Question

All,

I am reading about the relationship between all pairs shortest path and matrix multiplication.

Consider the multiplication of the weighted adjacency matrix with itself - except, in this case, we replace the multiplication operation in matrix multiplication by addition, and the addition operation by minimization. Notice that the product of weighted adjacency matrix with itself returns a matrix that contains shortest paths of length 2 between any pair of nodes.

It follows from this argument that A to power of n contains all shortest paths.

Question number 1:

My question is that in a graph we will be having at most n-1 edges between two nodes in a path, on what basis is the author discussing of path of length "n"?

Following slides

www.infosun.fim.uni-passau.de/br/lehrstuhl/.../Westerheide2.PPT

On slide 10 it is mentioned as below.

dij(1) = cij

dij(m) = min (dij(m-1), min1≤k≤n {dik(m-1) + ckj}) --> Eq 1
       = min1≤k≤n {dik(m-1) + ckj} ------------------> Eq 2

Question 2: how author concluded Eq 2 from Eq 1.

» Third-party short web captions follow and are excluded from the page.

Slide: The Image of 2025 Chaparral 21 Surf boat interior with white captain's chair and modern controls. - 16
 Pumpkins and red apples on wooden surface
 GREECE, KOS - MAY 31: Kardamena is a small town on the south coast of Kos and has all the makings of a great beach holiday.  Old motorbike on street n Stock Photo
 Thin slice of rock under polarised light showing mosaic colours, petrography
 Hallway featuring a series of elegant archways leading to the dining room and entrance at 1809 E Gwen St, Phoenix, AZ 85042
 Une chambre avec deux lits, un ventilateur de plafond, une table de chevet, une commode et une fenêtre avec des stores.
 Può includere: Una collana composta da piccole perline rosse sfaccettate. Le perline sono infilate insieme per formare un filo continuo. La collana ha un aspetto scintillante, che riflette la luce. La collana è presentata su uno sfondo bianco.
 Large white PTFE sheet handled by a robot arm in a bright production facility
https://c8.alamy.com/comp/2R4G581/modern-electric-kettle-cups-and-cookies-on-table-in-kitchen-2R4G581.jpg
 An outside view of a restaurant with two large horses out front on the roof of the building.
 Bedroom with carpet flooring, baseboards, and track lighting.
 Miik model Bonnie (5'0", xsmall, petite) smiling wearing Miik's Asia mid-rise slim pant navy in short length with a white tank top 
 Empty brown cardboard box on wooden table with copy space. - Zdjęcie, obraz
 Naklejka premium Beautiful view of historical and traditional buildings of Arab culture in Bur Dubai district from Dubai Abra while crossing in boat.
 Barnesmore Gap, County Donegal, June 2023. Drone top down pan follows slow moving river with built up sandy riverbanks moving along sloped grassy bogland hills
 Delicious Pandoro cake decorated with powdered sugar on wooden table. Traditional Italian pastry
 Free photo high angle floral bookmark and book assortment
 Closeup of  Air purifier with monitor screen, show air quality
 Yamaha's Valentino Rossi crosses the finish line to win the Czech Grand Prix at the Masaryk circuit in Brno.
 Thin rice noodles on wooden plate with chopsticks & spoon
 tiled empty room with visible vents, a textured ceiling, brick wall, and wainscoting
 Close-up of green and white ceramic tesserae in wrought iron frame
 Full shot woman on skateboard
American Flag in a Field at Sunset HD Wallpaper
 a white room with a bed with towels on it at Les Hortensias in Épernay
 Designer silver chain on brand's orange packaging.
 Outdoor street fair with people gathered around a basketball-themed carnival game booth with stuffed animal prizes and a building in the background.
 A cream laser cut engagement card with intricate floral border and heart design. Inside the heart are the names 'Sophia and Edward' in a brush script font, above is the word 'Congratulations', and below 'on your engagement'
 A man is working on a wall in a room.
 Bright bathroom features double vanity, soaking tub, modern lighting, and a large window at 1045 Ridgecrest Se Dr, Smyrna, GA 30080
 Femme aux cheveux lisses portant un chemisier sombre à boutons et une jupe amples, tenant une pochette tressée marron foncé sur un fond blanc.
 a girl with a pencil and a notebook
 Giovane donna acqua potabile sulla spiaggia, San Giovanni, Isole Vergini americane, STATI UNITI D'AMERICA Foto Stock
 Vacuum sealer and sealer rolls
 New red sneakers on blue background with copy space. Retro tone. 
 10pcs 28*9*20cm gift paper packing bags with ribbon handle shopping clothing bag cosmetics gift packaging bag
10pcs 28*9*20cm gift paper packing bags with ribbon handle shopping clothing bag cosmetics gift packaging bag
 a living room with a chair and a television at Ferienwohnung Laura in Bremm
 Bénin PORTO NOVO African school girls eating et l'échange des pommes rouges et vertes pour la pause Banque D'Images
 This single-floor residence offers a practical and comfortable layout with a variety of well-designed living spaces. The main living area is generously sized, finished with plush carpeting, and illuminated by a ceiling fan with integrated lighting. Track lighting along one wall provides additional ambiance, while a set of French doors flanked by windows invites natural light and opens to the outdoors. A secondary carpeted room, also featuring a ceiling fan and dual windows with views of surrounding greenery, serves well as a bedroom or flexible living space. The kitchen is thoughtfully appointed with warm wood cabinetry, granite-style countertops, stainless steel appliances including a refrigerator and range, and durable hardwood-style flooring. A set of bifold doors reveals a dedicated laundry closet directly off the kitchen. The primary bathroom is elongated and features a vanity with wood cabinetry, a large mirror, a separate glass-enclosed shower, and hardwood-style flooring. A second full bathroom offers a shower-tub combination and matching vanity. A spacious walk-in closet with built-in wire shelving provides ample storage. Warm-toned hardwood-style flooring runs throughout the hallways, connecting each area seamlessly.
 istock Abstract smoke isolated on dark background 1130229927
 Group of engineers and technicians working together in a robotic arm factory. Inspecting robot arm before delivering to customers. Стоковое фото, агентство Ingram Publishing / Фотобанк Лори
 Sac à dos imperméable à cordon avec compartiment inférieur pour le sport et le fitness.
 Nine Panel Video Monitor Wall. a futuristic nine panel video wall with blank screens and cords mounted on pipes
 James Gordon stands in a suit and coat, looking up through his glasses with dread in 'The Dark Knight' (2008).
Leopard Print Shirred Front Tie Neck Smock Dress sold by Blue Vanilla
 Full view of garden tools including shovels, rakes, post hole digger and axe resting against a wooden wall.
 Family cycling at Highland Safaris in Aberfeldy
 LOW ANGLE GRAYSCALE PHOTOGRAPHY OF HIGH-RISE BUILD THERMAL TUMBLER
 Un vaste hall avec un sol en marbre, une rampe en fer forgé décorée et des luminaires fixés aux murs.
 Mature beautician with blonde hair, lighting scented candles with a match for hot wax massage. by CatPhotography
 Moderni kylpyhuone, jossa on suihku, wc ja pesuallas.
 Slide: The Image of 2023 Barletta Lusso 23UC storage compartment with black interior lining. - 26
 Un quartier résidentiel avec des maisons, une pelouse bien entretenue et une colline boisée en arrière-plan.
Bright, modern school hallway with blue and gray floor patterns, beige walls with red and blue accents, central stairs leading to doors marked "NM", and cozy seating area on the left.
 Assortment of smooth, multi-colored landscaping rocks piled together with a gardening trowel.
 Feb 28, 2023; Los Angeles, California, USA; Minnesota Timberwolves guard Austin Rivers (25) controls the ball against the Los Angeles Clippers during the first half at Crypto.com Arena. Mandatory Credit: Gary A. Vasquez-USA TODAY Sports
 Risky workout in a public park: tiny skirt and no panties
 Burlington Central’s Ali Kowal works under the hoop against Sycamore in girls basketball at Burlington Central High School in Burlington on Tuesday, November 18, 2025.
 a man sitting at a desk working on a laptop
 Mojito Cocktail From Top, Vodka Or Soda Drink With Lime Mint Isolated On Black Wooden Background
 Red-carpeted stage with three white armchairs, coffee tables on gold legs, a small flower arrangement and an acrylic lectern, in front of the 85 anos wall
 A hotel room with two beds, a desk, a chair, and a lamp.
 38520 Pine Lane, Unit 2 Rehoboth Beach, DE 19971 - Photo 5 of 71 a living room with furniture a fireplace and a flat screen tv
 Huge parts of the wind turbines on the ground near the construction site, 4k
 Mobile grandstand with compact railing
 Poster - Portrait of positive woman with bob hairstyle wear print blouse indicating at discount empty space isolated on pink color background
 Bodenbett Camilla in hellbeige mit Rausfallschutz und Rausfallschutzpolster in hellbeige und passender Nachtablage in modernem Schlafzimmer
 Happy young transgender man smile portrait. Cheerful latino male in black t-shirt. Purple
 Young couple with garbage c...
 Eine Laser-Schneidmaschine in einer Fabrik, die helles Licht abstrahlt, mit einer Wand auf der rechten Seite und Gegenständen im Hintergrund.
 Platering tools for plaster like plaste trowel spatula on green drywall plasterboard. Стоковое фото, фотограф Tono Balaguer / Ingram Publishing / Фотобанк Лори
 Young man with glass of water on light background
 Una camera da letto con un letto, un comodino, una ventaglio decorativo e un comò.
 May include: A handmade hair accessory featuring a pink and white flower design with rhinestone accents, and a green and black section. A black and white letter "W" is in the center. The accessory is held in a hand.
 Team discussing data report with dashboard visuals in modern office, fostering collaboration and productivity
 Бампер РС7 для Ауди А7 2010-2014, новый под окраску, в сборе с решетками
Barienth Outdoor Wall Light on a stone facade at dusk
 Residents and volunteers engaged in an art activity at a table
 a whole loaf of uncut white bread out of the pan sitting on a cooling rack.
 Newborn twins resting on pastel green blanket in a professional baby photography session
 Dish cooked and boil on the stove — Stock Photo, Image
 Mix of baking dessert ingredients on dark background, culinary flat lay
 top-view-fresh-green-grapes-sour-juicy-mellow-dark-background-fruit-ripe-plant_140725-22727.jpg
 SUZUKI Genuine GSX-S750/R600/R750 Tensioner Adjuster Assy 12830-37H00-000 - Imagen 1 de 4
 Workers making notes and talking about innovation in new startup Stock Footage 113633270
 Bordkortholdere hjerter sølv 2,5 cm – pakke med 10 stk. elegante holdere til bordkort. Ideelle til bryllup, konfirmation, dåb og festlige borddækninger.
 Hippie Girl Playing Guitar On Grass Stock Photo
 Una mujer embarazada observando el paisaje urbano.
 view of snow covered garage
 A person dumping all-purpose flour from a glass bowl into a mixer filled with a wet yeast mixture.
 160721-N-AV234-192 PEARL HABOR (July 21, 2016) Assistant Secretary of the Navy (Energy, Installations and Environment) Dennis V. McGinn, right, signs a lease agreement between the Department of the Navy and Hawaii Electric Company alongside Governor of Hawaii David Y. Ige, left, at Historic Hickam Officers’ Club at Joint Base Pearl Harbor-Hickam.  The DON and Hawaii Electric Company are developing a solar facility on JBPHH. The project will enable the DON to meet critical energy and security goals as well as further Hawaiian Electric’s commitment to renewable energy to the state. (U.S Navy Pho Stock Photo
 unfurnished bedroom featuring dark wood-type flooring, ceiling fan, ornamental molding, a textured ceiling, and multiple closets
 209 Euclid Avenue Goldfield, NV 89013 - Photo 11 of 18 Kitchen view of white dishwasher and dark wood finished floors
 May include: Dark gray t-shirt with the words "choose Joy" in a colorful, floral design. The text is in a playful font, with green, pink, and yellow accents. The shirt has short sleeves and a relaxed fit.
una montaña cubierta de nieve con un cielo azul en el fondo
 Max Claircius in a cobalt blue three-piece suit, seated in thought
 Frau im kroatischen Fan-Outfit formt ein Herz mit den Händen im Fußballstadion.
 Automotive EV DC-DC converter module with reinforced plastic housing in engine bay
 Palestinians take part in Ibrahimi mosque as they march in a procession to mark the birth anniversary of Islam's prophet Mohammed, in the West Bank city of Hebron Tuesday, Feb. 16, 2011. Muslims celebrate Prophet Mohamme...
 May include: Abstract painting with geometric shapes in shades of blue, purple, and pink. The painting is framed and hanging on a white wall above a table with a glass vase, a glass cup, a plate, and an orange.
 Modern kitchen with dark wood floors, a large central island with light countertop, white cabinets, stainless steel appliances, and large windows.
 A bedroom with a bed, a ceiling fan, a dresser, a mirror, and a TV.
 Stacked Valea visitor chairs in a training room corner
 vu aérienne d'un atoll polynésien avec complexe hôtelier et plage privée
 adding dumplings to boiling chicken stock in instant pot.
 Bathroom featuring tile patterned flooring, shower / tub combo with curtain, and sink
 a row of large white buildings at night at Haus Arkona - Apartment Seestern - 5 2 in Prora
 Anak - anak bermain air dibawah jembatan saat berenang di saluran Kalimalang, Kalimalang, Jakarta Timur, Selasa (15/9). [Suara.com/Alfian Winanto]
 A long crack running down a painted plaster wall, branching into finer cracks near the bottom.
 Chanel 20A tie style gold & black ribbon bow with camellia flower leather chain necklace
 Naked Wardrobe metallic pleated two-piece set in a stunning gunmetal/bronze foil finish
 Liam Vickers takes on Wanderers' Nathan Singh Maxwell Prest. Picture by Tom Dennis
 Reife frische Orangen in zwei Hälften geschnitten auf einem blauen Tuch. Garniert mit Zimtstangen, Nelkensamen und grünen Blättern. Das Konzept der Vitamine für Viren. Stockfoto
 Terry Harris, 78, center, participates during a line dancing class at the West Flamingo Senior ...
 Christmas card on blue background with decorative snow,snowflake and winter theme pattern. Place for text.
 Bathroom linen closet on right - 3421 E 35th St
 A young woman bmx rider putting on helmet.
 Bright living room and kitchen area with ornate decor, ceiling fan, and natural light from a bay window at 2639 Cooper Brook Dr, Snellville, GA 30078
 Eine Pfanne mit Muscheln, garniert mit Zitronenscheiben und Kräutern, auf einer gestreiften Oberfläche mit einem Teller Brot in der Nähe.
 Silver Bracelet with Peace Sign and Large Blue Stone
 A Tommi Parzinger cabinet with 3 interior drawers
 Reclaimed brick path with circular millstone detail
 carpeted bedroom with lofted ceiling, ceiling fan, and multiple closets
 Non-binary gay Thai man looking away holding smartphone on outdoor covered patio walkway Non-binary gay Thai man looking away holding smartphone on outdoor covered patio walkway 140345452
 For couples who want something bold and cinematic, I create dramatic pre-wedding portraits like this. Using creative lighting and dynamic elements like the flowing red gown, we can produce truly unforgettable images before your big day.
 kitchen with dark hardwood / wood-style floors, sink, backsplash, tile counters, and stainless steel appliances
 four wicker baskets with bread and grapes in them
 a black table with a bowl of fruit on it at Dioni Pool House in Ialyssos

In Cormen et al book on introduction to algorithms, it is mentioned as below:

What are the actual shortest-path weights delta(i, j)? If the graph contains no negative-weight cycles, then all shortest paths are simple and thus contain at most n - 1 edges. A path from vertex i to vertex j with more than n - 1 edges cannot have less weight than a shortest path from i to j. The actual shortest-path weights are therefore given by

delta(i,j) = d(i,j) power (n-1) = (i,j) power (n) = (i,j) power (n+1) = ...

Question 3: in above equation how author came with n, n+1 edges as we have at most n-1, and also how above assignment works?

Thanks!

Was it helpful?

Solution

  1. The n vs n-1 is just an unfortunate variable name choice. He should have used a different letter instead to be more clear.

    A^1 has the shortest paths of length up to 1 (trivially)
    A^2 has the shortest paths of length up to 2
    A^k has the shortest paths of length up to k
    
  2. Eq 2 does not directly come from Eq1. Eq 2 is just the second term from the first equation. I presume this is a formatting or copy-paste error (I can't check - your ppt link is broken)

  3. The author is just explicitly pointing out that you have nothing to gain by adding more then n-1 edges to the path:

    A^(n-1),            //the shortest paths of length up tp (n-1)
    is equal to A^n     //the shortest paths of length up tp (n)
    is equal to A^(n+1) //the shortest paths of length up tp (n+1)
    ...
    

    This is just so that you can safely stop your computations at (n-1) and be sure that you have the minimum paths among all paths of all lengths. (This is kind of obvious but the textbook has a point in being strict here...)

OTHER TIPS

In a graph we will be having atmost n-1 edges between two nodes in a path, on what basis author is discussing of path of length "n"?

You're confusing the multiple measures being discussed:

  • A^n represents the "shortest paths" (by weight) of length n between vertices.
  • "at most n-1 edges between two nodes" -- I presume in this case you're thinking of n as the size of the graph.

The graph could have hundreds of vertices but your adjacency matrix A^3 shows the shortest paths of length 3. Different n measures.